Saturday, August 17, 2019

Teachers Address STRS Ohio Retirement Board, August 15, 2019

Bob Buerkle,  STRS Retirement Board Meeting, August 15, 2019

5 STRS Board Actions that Continue to Hurt Retirees 

STRS missed the payroll growth assumption. The 3% figure they had the actuary use missed the actual 4% growth rate by 25%, making the liability of our pension system look larger than it really is.  

The low inflationary period we have been in will not last forever.  The average inflation rate for the past century is a compounded rate of just over 3%. STRS Retirees could suffer greatly in the future because of this action. 

Retirees have had their COLA reduced to 0% by STRS actions. The STRS COLA was never compounded.  ORC 3307.67 says that STRS “SHALL” pay a 2% “Simple” COLA annually. This change in Ohio Revised Code has cut another third from the original benefit that was promised during your career and up through the COLA change of 2013. Meanwhile, massive bonuses, one over $400,000, are still paid to STRS Employees.

STRS lowered the Earnings Assumption Rate to 7.45%, which is about 3% less than our actual returns of 10.25% since the change was implemented 3 years ago.  It is also over 3% less than the average STRS returns for the last 10 years.

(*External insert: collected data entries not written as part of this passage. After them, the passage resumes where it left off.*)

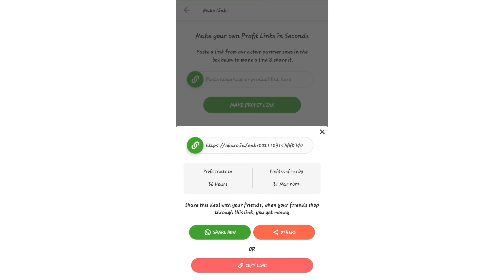Once you share and sell a product through your link, you can get money or an offer. If someone buys through your link, you earn a commission and make profit.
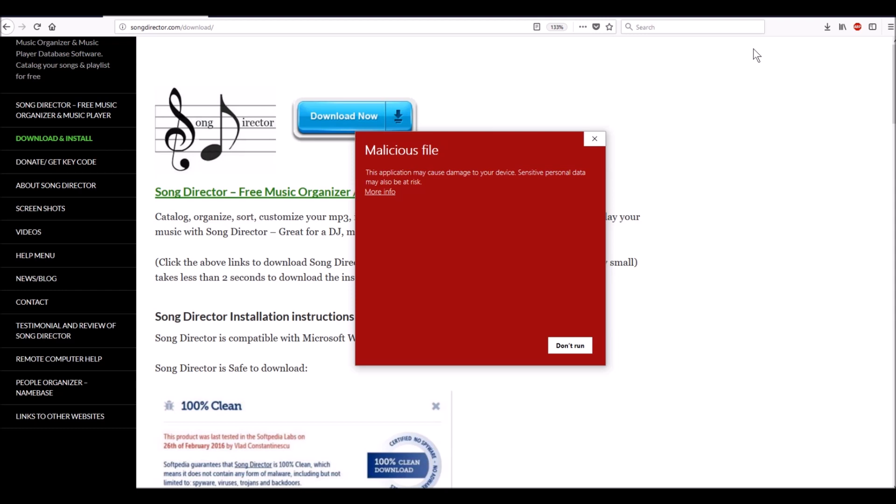Windows just doesn't know what it is - it's never heard of Song Director. It hasn't heard of the publishing company. What you do here: it looks like the only option you have is 'Don't run,' but that's not true. There's another option right here that says 'More info.' This is what you're going to click on this giant red box here.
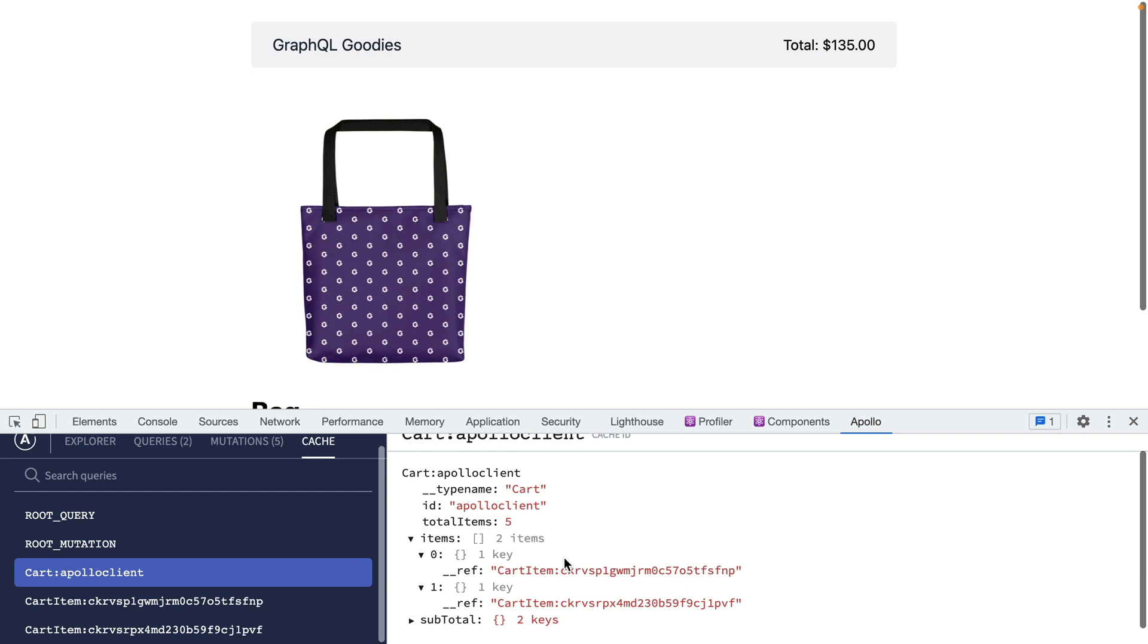This keeps the cache lean and something that you can update inside of your application code for things like optimistic UI. We'll cover that in another video.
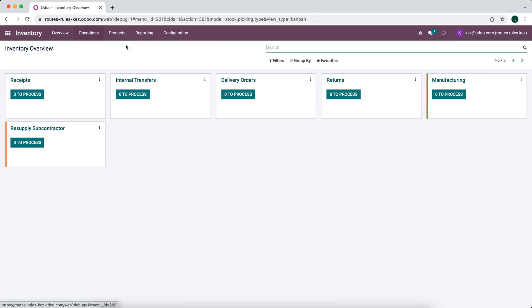As I mentioned, there are times where we'd skip the manufacturing part and simply subcontract a product directly to our vendor, get it back, and send it to the customer. But I wanted to walk through the slightly more complicated use case.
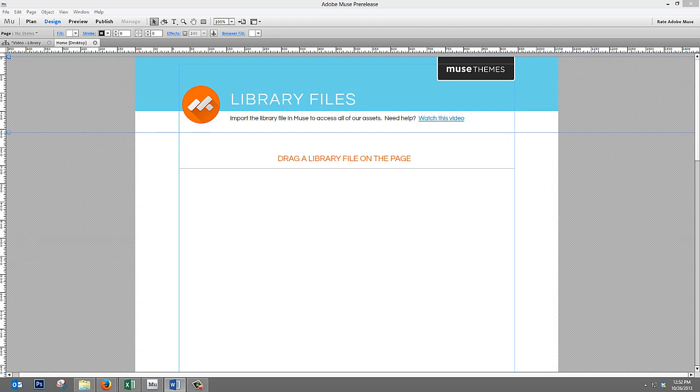Muse Themes isn't simply a provider of templates anymore. We are giving our members everything they could possibly need to build great sites in Muse and to feel confident offering their clients professional web design services. As usual, if anything I explained in this video doesn't make sense, please send us a note at support.musethemes.com and we'll help you out as soon as possible. Thanks again and best of luck working with Muse. Cheers!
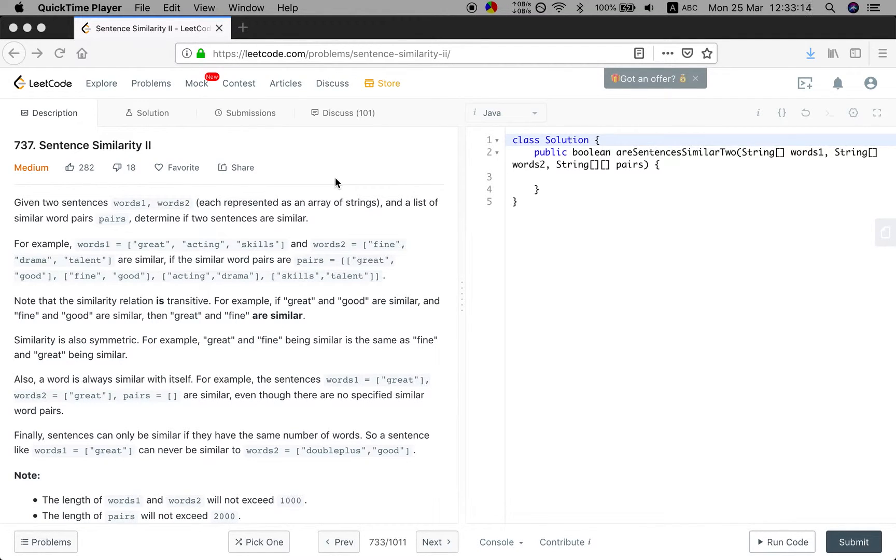Hello guys, now let's try to solve the sentence similarity 2 problem. Let's see the statement.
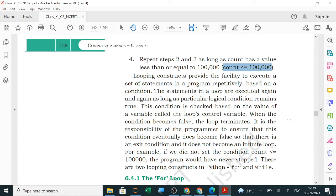It is the responsibility of the programmer to ensure that the condition eventually becomes false, so there is an exit condition and it does not become an infinite loop. For example, if we did not set the condition count less than or equal to one lakh, the program would never stop. There are two looping constructs in Python: for and while.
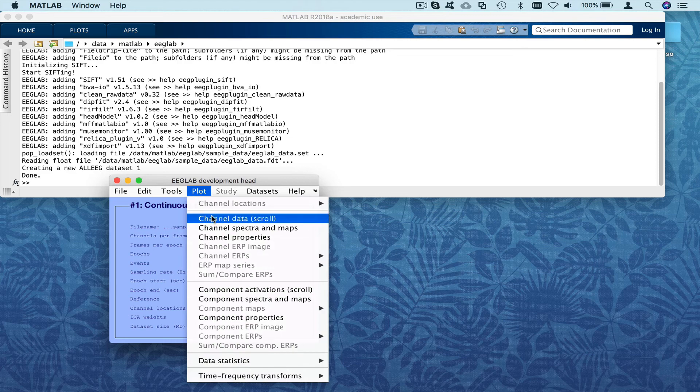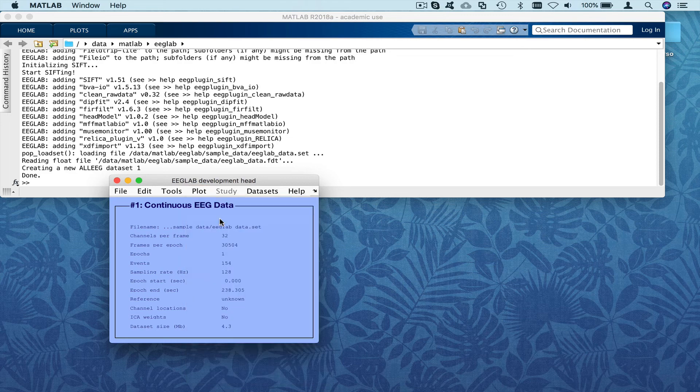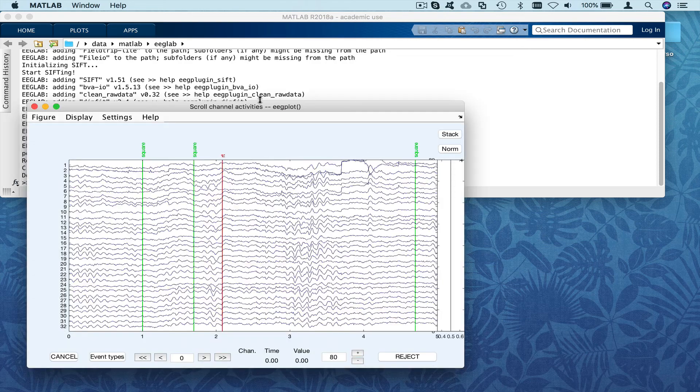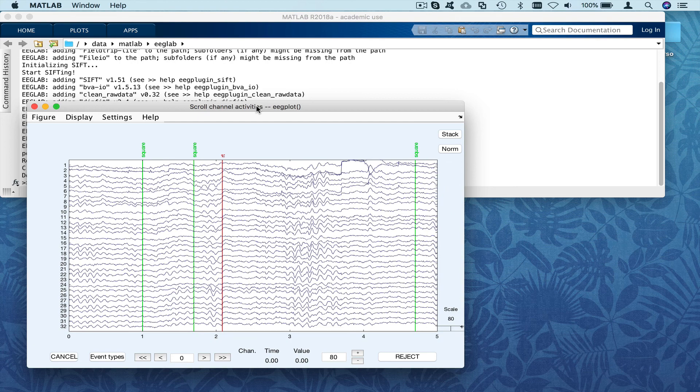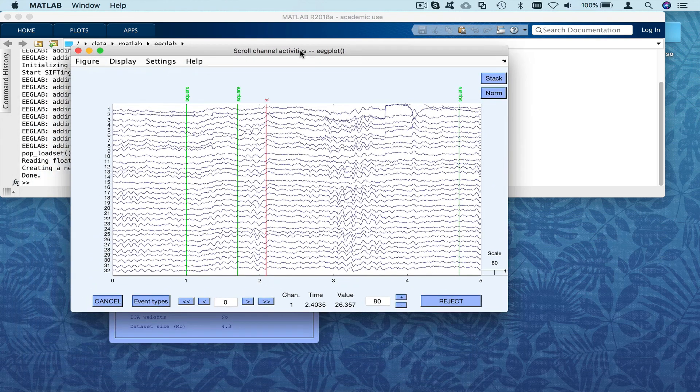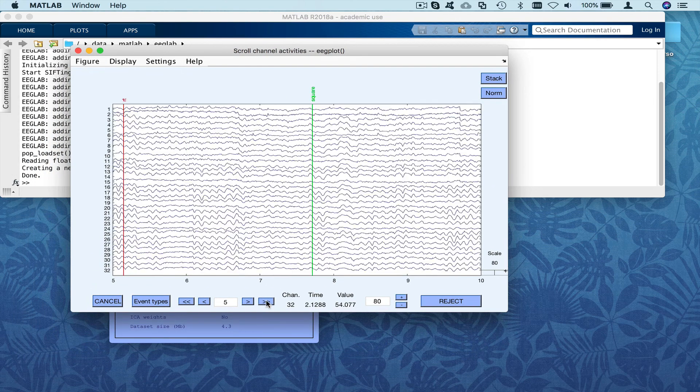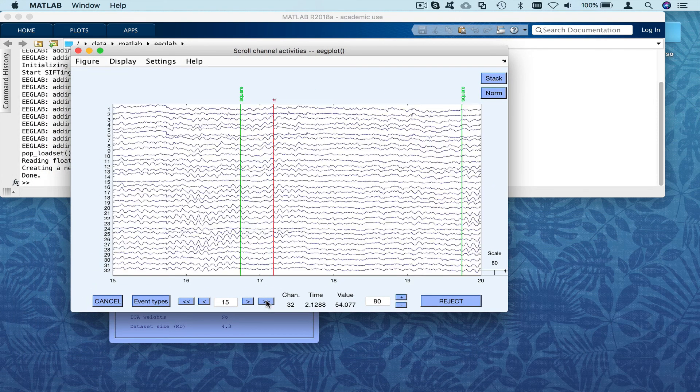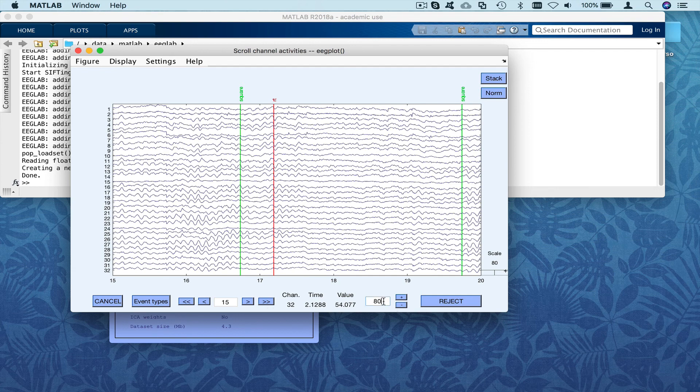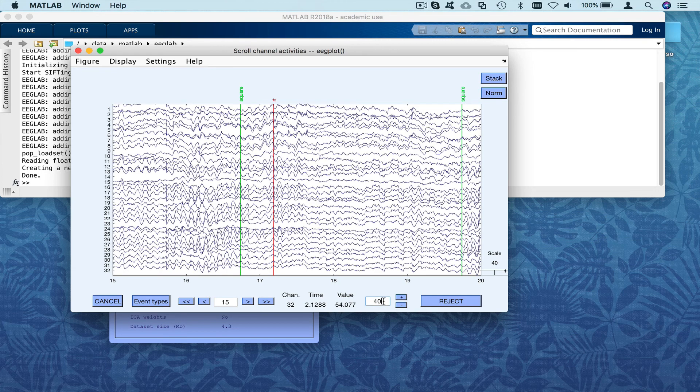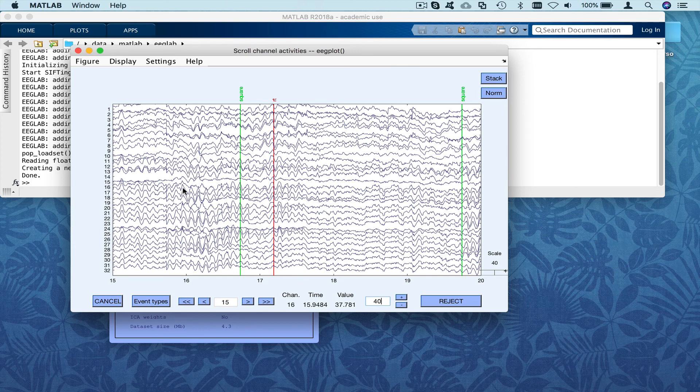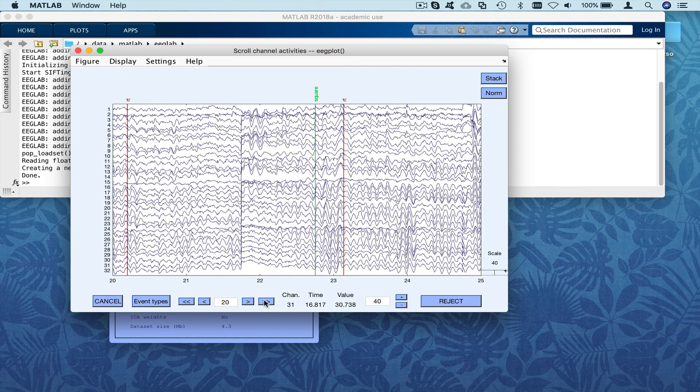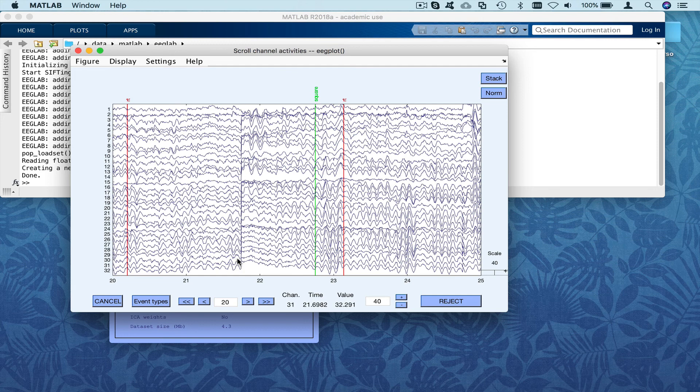I'm going to use this menu, plot, channel, scroll data, and so we can move forward. We can change the scale here, for instance, so here we see nice alpha rhythm, there's not much artifact. There's one artifact here, a strong discontinuity in this signal.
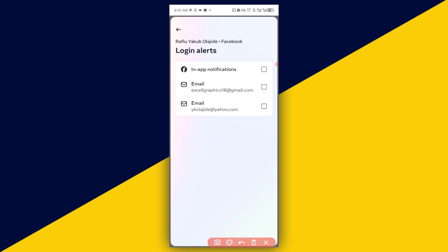It'll take you right here. Next, choose how you want to receive Facebook login alerts. You can choose in-app notification or email notification, depending on your preference.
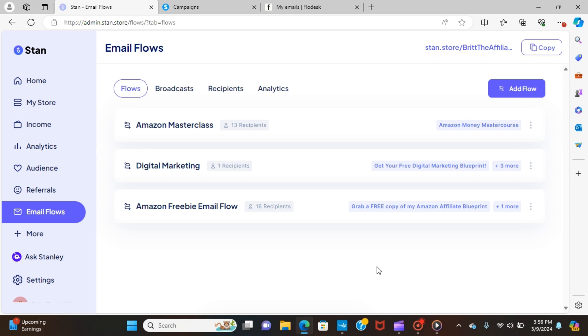All right, welcome back. This is tutorial number two on email flows with Stan Store. My original one did have a lot of questions from people wondering exactly how it was working as far as the analytics behind it. So I wanted to jump back on here and just show you exactly what I've built.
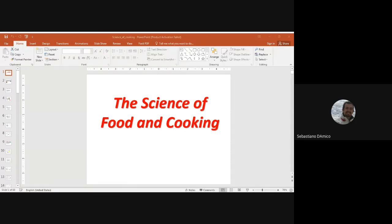Today we're going to jump to a different subject. We're trying to look at some basic principles on the science of food and cooking. We'll see the difference of the approach taken from a chemistry point of view and from a physics point of view. We're not going to learn how to cook, but we're trying to look at all those processes that might have an influence, and we'll try to understand why some things happen and why some others don't.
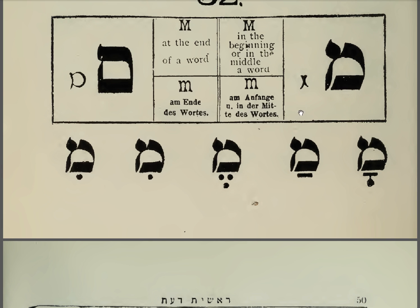The letter Mem, which we have seen before — here it is — also has a final form. This final form is distinguished by its sharp corner on the inside and on the outside. So it's rounded on one side usually, but the corners are sharp. And this is what you look for if you're not sure if it's a Samech or a Mem. A Samech will have an oblique corner or a round shape at the bottom, not a right angle.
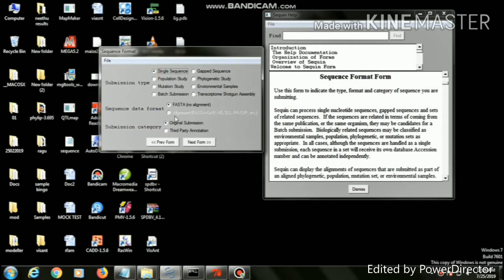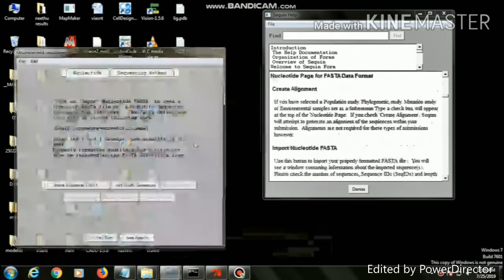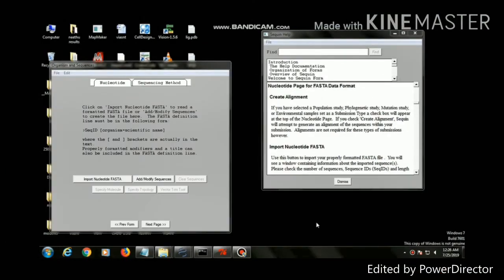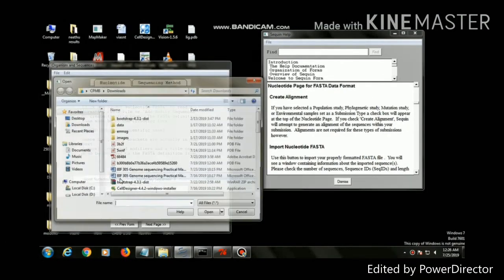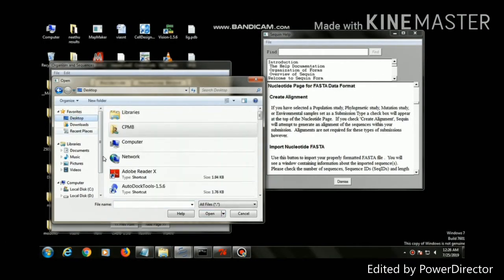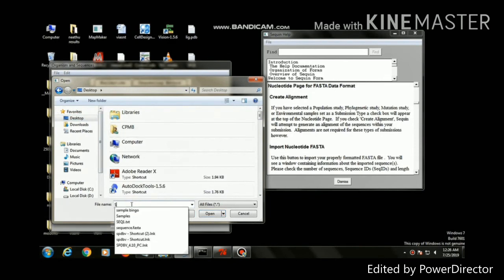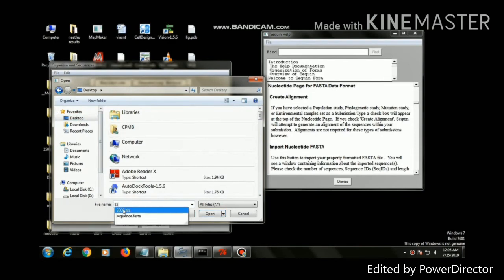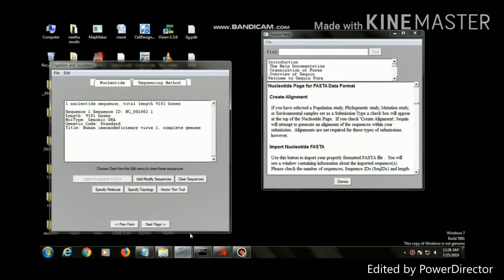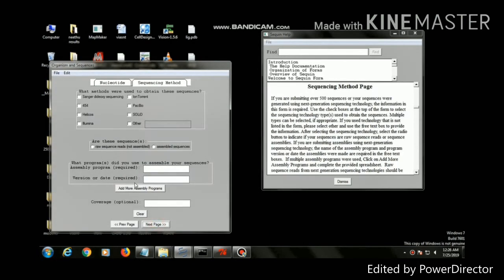The next form is the sequence format form. Click next page. Then import the nucleotide FASTA form sequence from the desktop. The file should be in text format. Click next page.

Finally, STRS investment portfolio return results, could have been as much as 30% higher by simply investing more in the same equities, all because the STRS chose to reduce their “Stock Exposure” from 73% down to just 51%.  (73% – 30% = 51%)  Was this done to slow our recovery and justify STRS actions? 
                           
Even with these policy changes, STRS has just completed another Fiscal Year and the results show that the ten-year investment return average is now 10.61%.  That is 315 basis points more than Callan Associates, the STRS investment advisors, have projected they would earn on the total portfolio.

The question is, why do retirees continue to be denied a COLA?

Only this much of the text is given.